As seen particularly from FIG. 9, the pulse motor 13A is so arranged as to begin its revolutions a predetermined time after the previous revolutions stop so that the revolution and stop durations are apparently separate from each other. This is because, if the revolution speed of the pulse motor 13A is raised immediately after it stops, the pulse motor step-out increases due to the inertia of the driving section of the pulse motor thus causing the pulse motor to not operate.
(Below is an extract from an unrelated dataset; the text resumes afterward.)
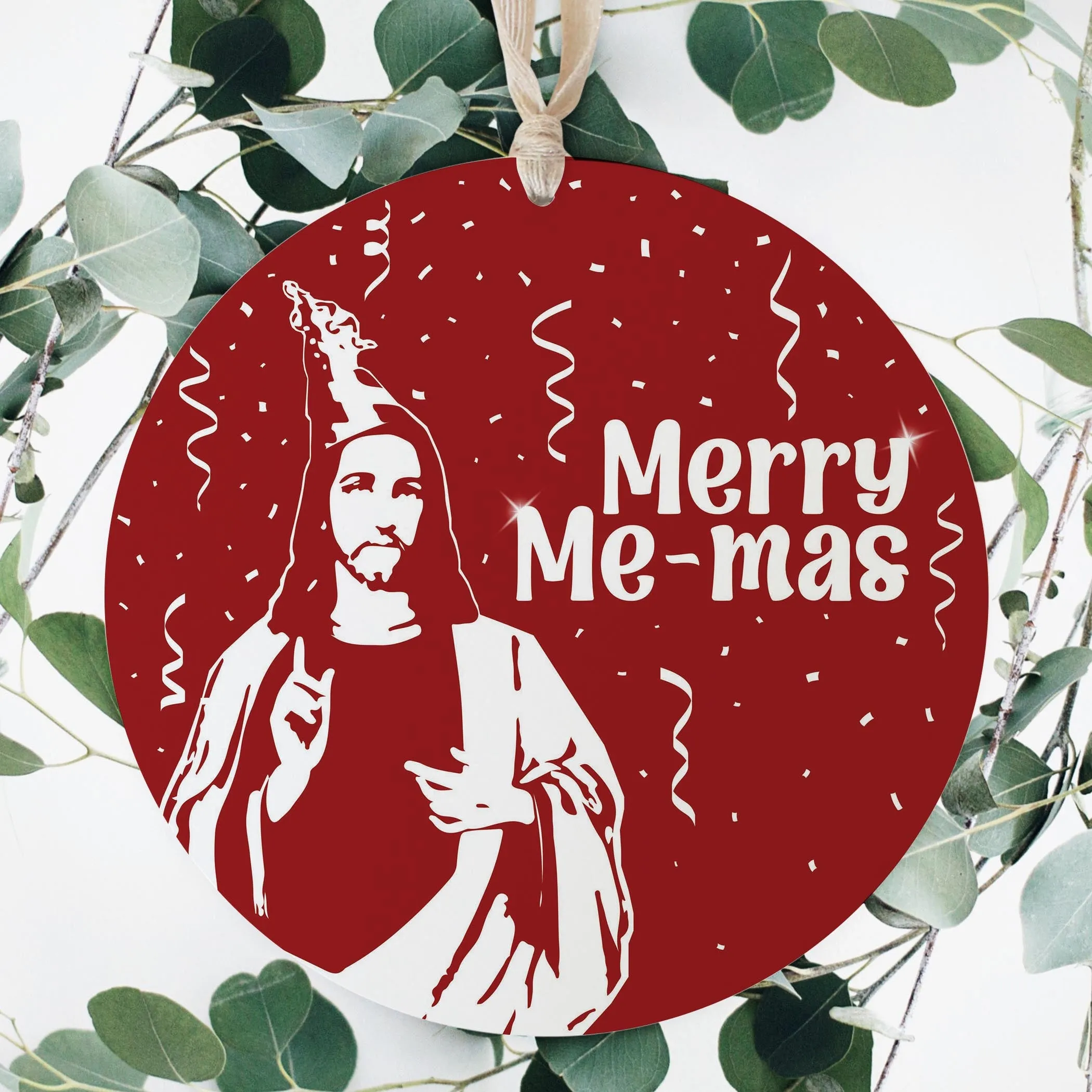 Merry Me-mas  8" Hanging Sign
In addition, in order to secure the necessary number of pulses without decreasing the number of pulses within the revolution rise and fall times, the operational characteristics of the pulse motor are designed so that a constant revolution speed is obtained during part of the slow-up and slow-down operations.
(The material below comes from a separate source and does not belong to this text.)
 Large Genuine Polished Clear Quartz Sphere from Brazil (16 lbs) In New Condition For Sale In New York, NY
As will be appreciated from the above, according to the above-discussed embodiment, the rotation speed of the weft winding-guide arm for weft length measuring can slowly rise up and slowly fall to stop the weft winding-guide arm under the action of the pulse motor, thereby effectively solving the problem of weft yarn being cut off during weft length measuring. Furthermore, the employment of the pulse motor enables the weft-winding guide arm to be mounted on the rotatable shaft of the motor so as to noticeably reduce component parts serving as inertial mass, thereby improving the controllability of the weft picking system. Moreover, the engaging pin and the weft pull-back device can be driven by the respective solenoids, and therefore the operation timing of them is easily adjustable while being freely controllable, thereby making the weft picking system suitable for multiple color looms.